Oh, Jason. It could have happened to anyone.
Twenty years ago, I camped out in the Sahara desert with a couple of Libyans and I remember two things: the almost painful brightness of the night sky, unobscured by wisp of cloud or earthly light, and the small rocks that I rather nervously supposed might conceal poisonous snakes.
The Libyans scoffed, for a Berber is lord of that desert which he calls his home. ‘You have snake,’ they assured me, ‘only where you have desert rat.’ Later, I listened as the remains of our evening meal were pounced on and borne away by an army of rustling gerbils.
Stargazing on clear nights is the privilege of country dwellers.

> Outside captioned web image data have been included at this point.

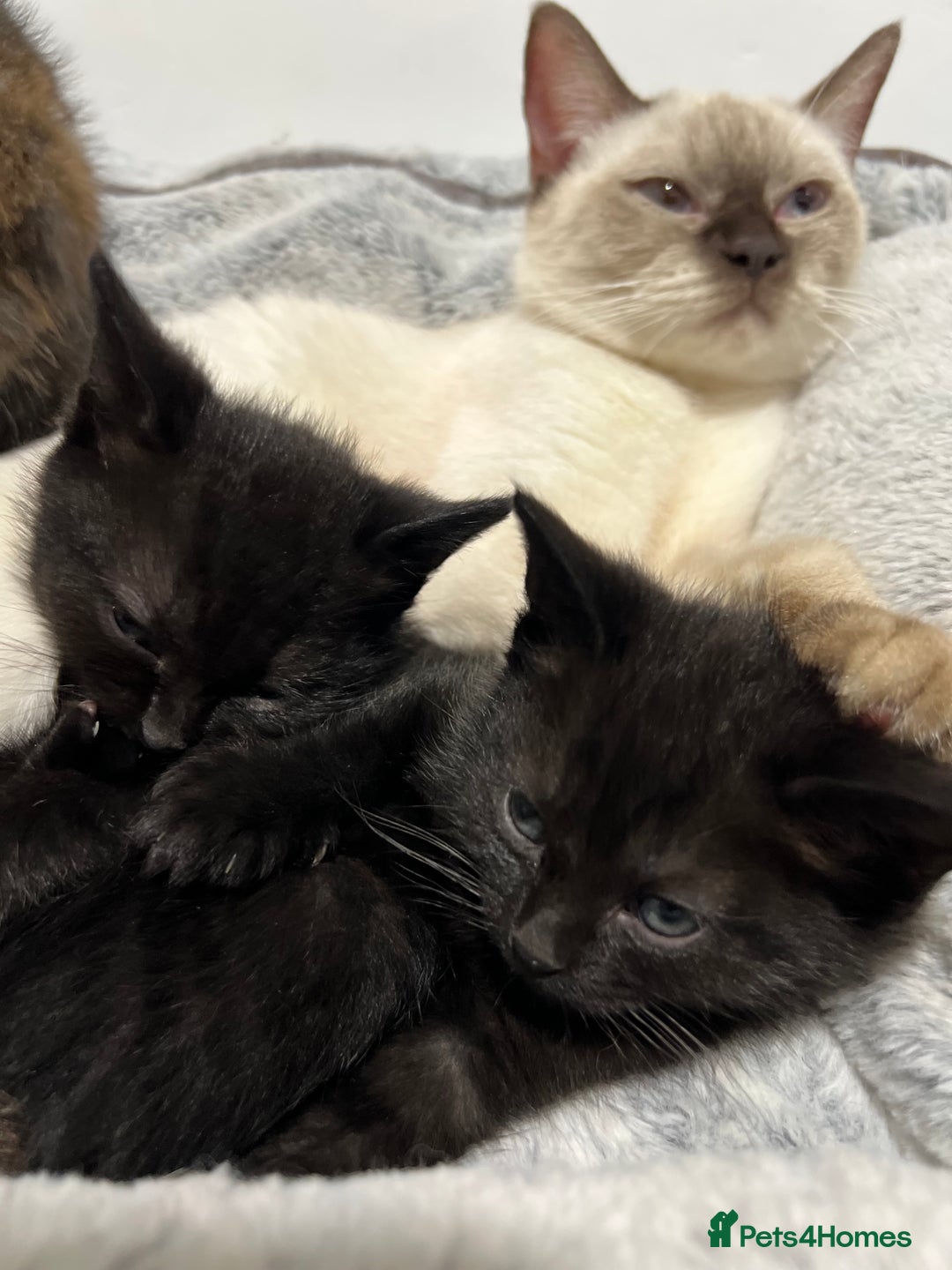 Ragdoll cats for sale: URGENT Ragdoll kittens x4 ready this week - Image 14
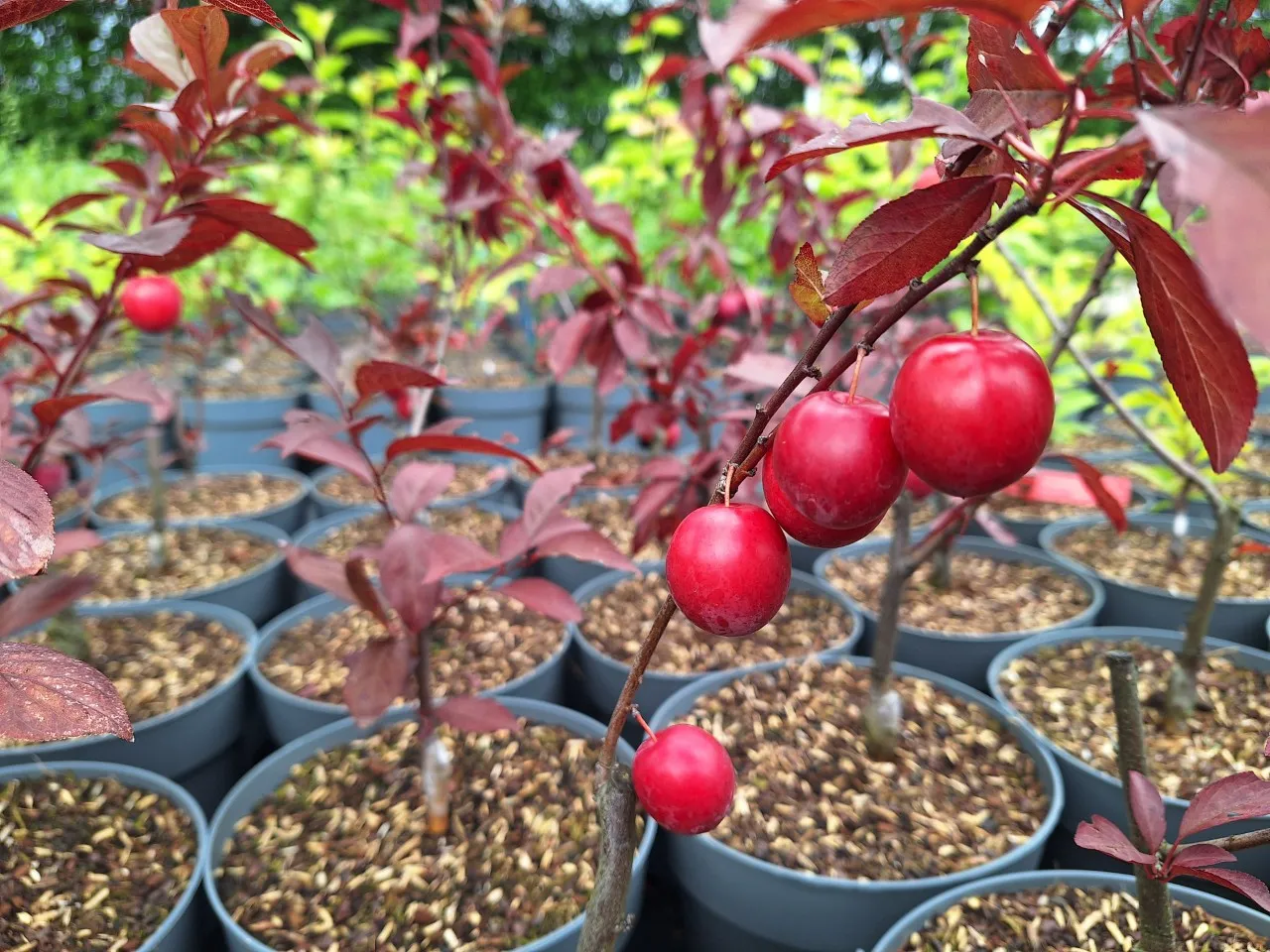 Prunus 'Globus' : C3 : 60-100 : onderstam Prunus domestica 'St Julien'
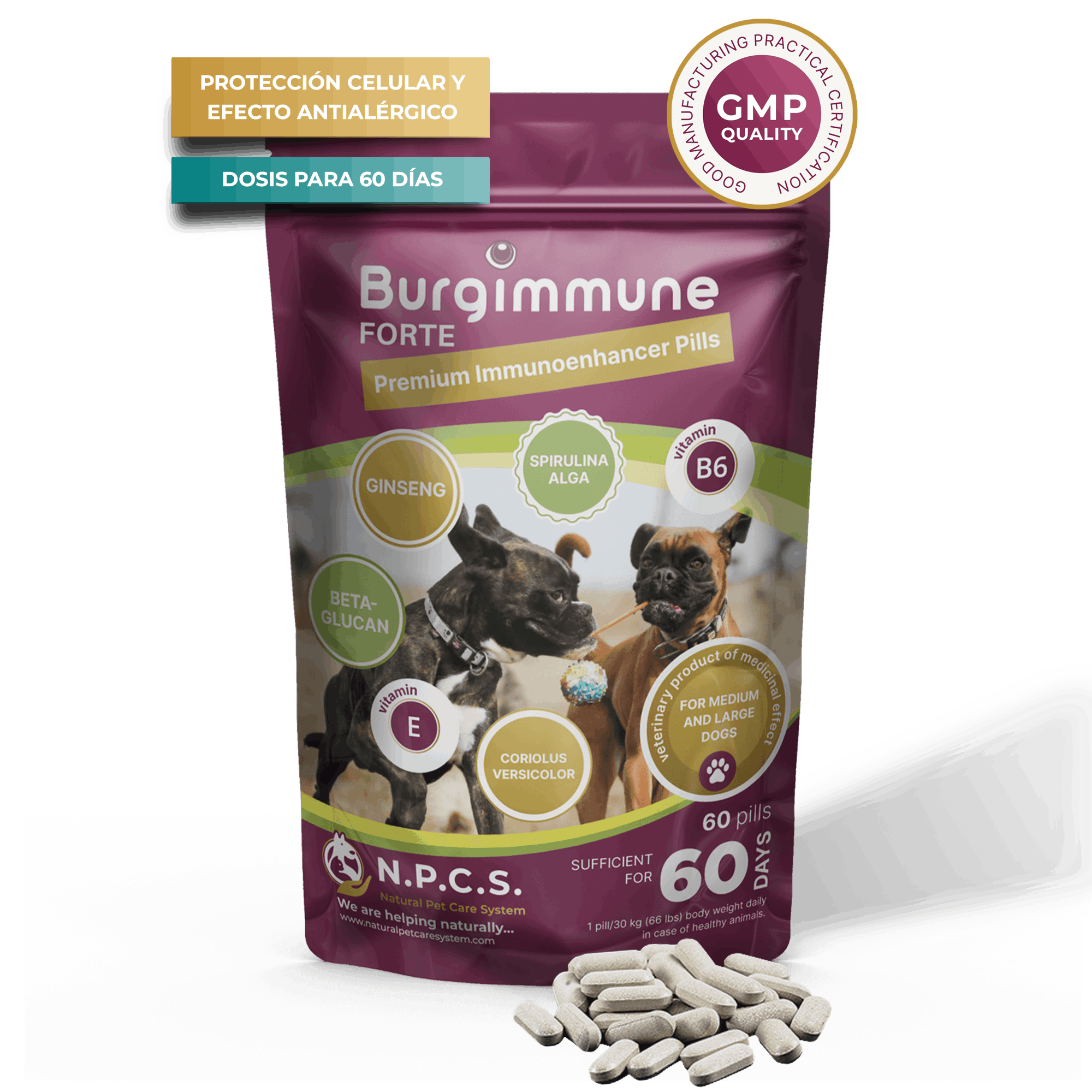 Burgimmune FORTE Comprimidos (60 unidades)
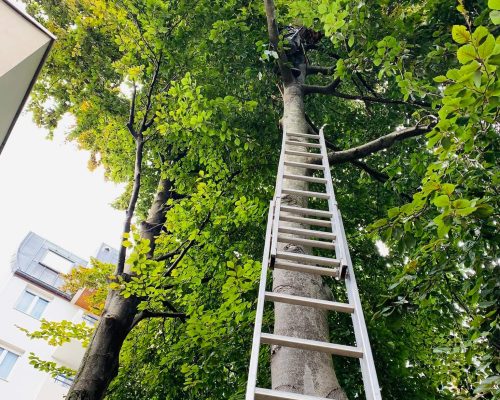 Elagage d'un arbre dans une copropriété d'habitation
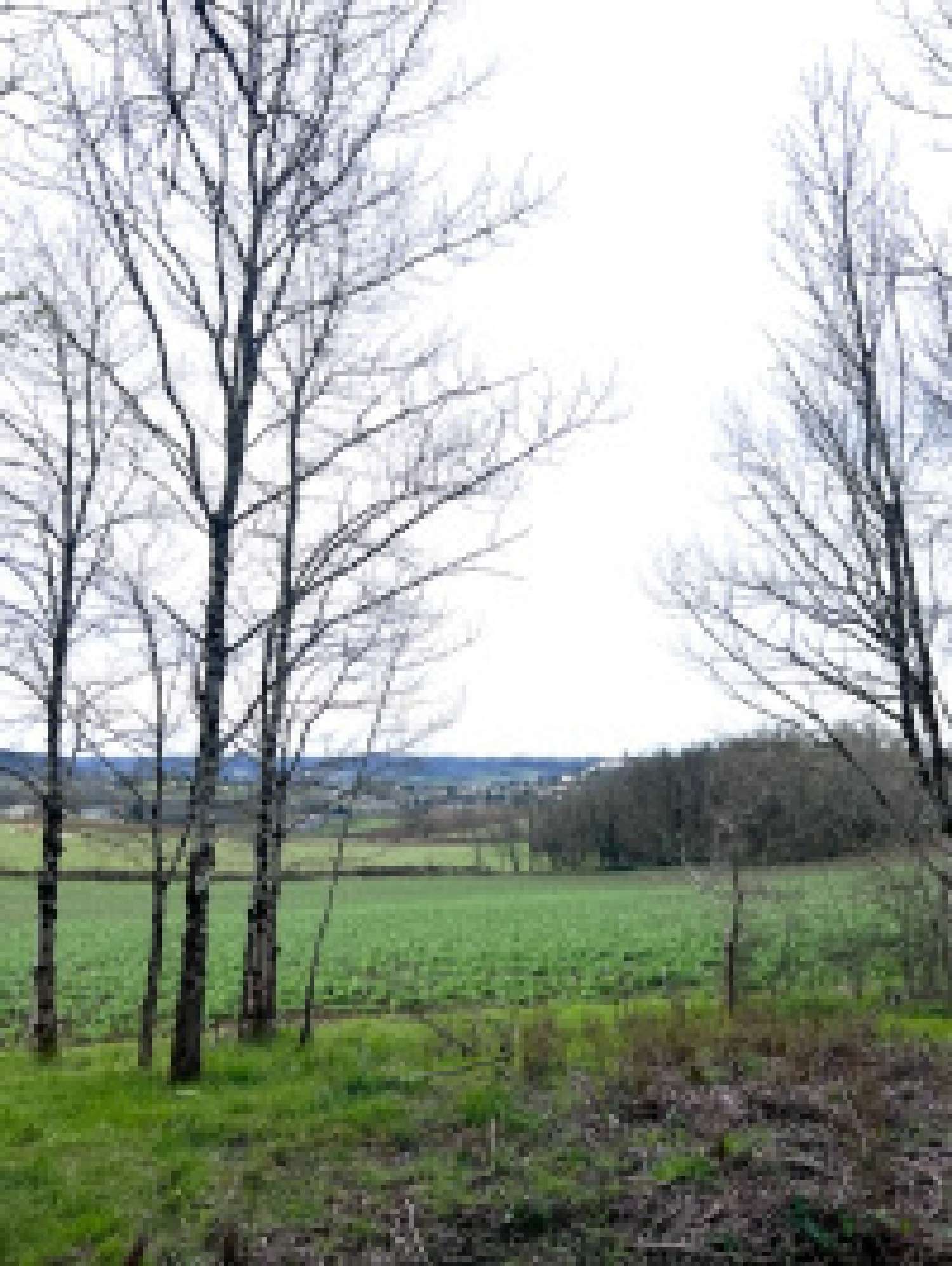  te koop villa Bourlens Lot-et-Garonne 4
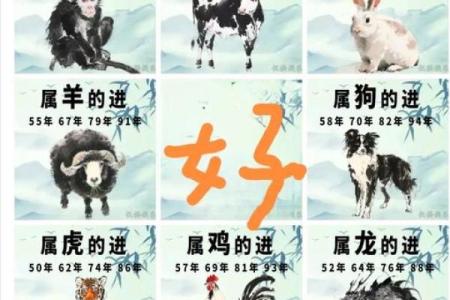 生肖配对猴和鸡相配吗
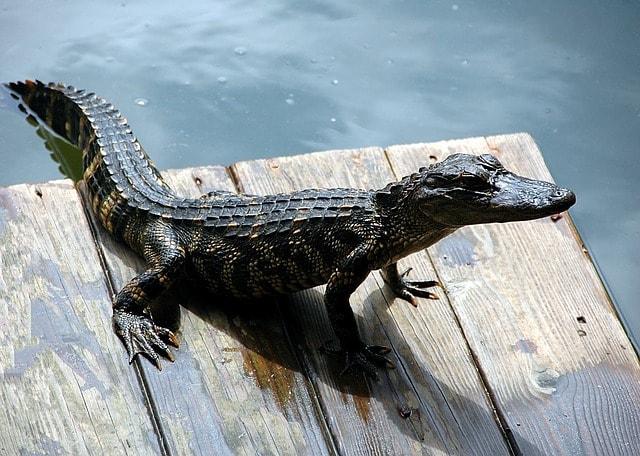 Os 16 animais de água doce mais destacados 1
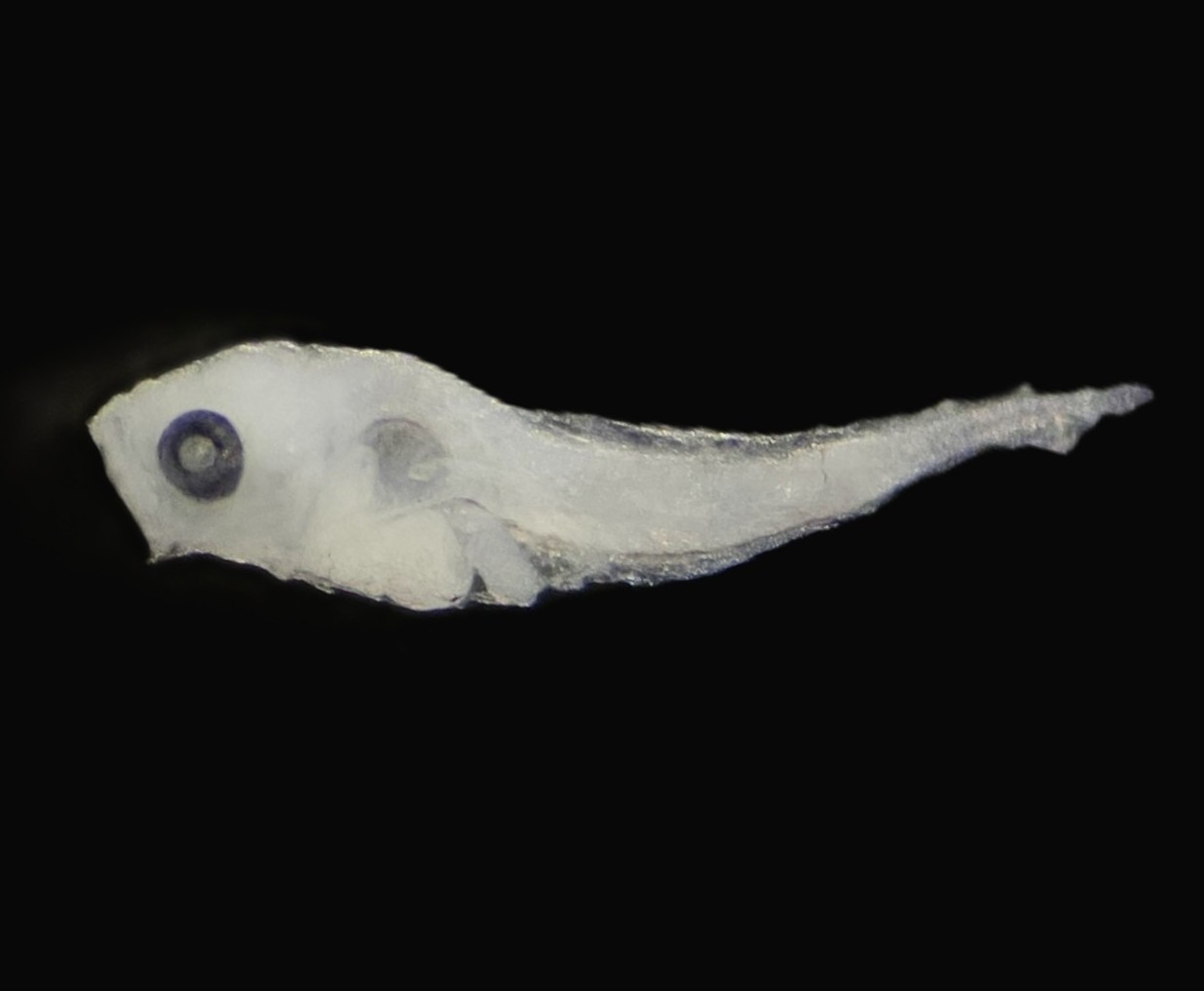 Specimen image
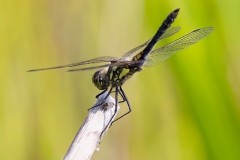 Sympetrum danae - Black Darter, Woodside Nurseries, Austerfield.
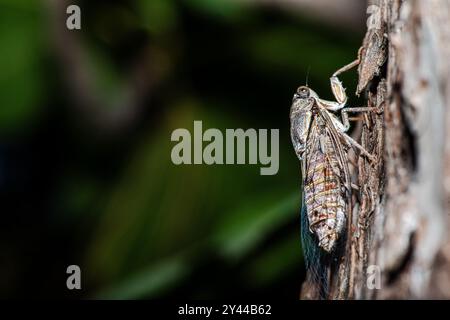 Ein faszinierendes Makrofoto einer Zikada, die sich nahtlos in die Baumrinde einfügt und ihre unglaubliche natürliche Tarnung zeigt. Stockfoto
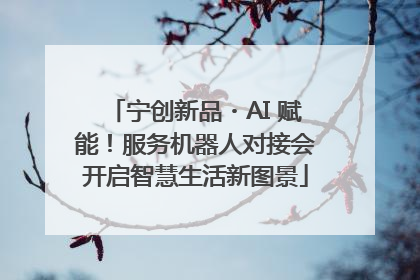 宁创新品・AI 赋能！服务机器人对接会开启智慧生活新图景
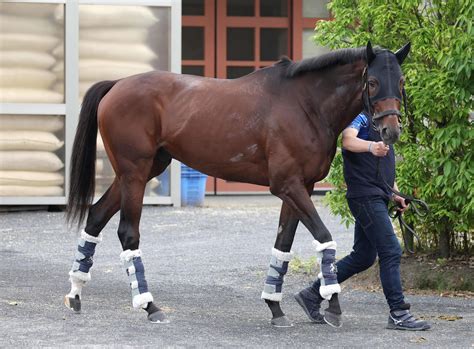 【宝塚記念】雨予報で道悪必至！馬場悪化で浮上する馬は？ 各陣営の道悪関連コメントも参考に 競馬写真ニュース 日刊スポーツ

I like a summery shooting star and lying on a rug, under a blanket, in the garden, to watch a meteor shower. I hate to miss a comet.
We have a sheet of waxed calico, for hanging on a Victorian school wall, perhaps, which shows six phantasmagorical comets plunging across a dark background. One scatters golden dust; one seems to corkscrew through the sky; one is trailed by zigzags like Harlequin’s hat. ‘Comets are stars with flames like hair,’ wrote the Venerable Bede. ‘They are born suddenly, portending a change of royal power or plague or wars or winds and heat.’
We know best Halley’s Comet, which appeared on the eve of the Norman Conquest and was then stitched into the Bayeux Tapestry. In 1705, Edmond Halley, the Astronomer Royal, calculated that the comets reappearing every 76 years or so for centuries were one and the same, and correctly predicted its return. By then, he was dead. I managed to miss it in a London park in 1986 and I’m not betting on a second chance.
Perhaps that’s no bad thing. Bede understood that comets can arrive unheralded, bringing disaster in their wake. Of 11 comets that appeared between 678 and 1114, the Anglo-Saxon Chronicle associates nine with bad news, such as famine, revolt, invasion or Saint Wilfred quarrelling with King Ecgfrith of Northumbria. The last of them — ‘an uncommon star with a long train, shining many nights’ — was accompanied by an ebb tide that drained the Thames and ‘men went riding and walking over the Thames eastward of London Bridge’.
Times being what they are, between current pestilence and quarrels of the great, I was hardly surprised when our friend Anne rang to tell us about a new comet that flashed by last week. It was only discovered in March, by Nasa’s Near-Earth Object Wide-field Infrared Survey Explorer. ‘I must go and look!’ Anne hails from Northumbria, like Bede, and her tone is authoritative, like the Anglo-Saxon Chronicle.
I suggested a nearby hilltop managed by the National Trust, with views over half the county, and the next day she ranged into the garden. ‘I arrived to find the place covered in parked cars,’ she said, with a certain emphasis.
I was pleased by the idea that we country dwellers appreciate the clarity of the night sky and are attuned to the wonders of Nature and the cosmos. I ignored the emphasis.
Anne gave me a withering look. ‘They were not looking at the stars,’ she said. ‘Not. At. All. You sent me dogging!’ ‘What?’ ‘You sent me to join a riot of it! I drove away and passed a police car with its lights flashing.’
I’m not very up on this pastime, but it seems to be popular in the hills and high places of the county. More popular than stargazing, although less dangerous than comets, for all I know.